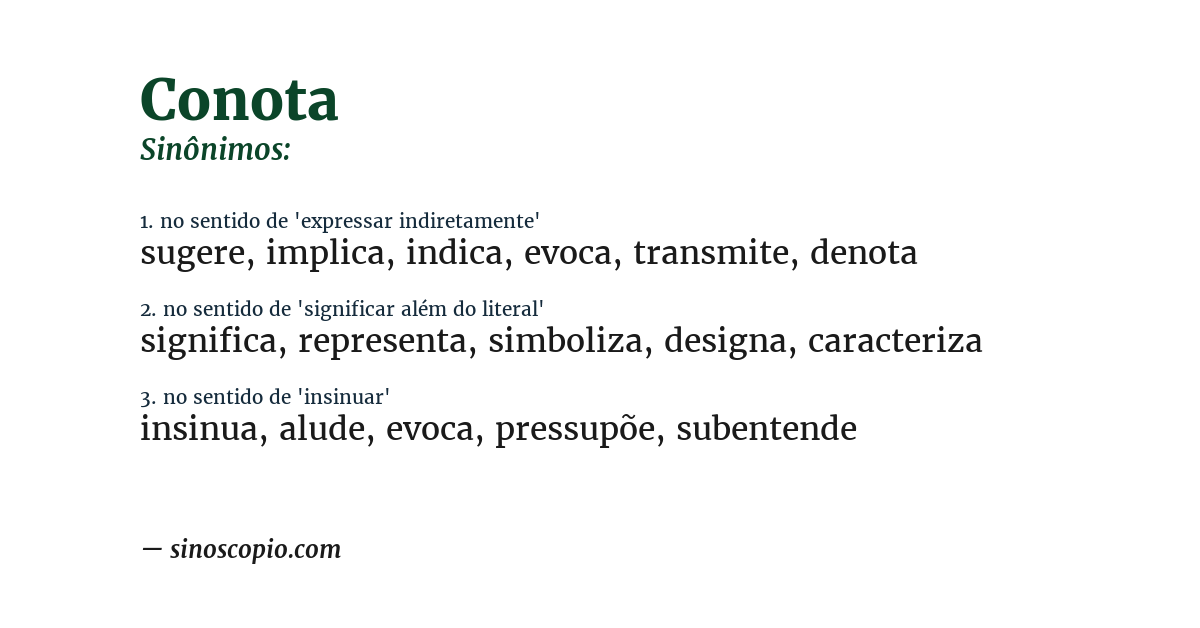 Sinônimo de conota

* * *

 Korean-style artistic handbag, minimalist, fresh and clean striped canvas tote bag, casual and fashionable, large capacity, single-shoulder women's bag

...

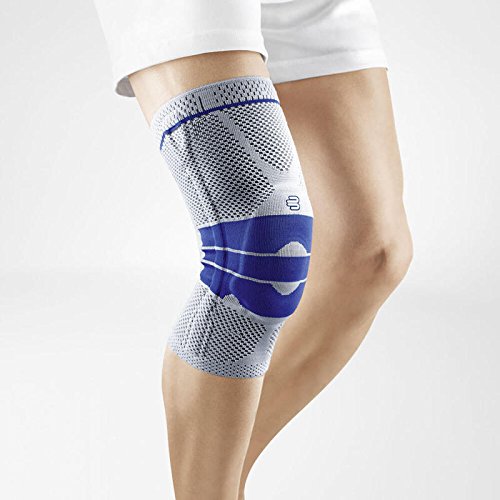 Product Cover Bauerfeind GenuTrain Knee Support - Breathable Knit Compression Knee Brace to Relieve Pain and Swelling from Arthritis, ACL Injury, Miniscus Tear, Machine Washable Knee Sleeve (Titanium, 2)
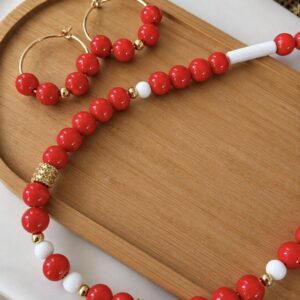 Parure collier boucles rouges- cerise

▸ **BRIEF**
From the records above, output only the lines starting at the one containing "Product Cover Bauerfeind" and ending at the one containing "Parure collier boucles rouges- cerise", word for word. Pictures stay out.

▸ **RESPONSE BOX**
 Product Cover Bauerfeind GenuTrain Knee Support - Breathable Knit Compression Knee Brace to Relieve Pain and Swelling from Arthritis, ACL Injury, Miniscus Tear, Machine Washable Knee Sleeve (Titanium, 2)
 Parure collier boucles rouges- cerise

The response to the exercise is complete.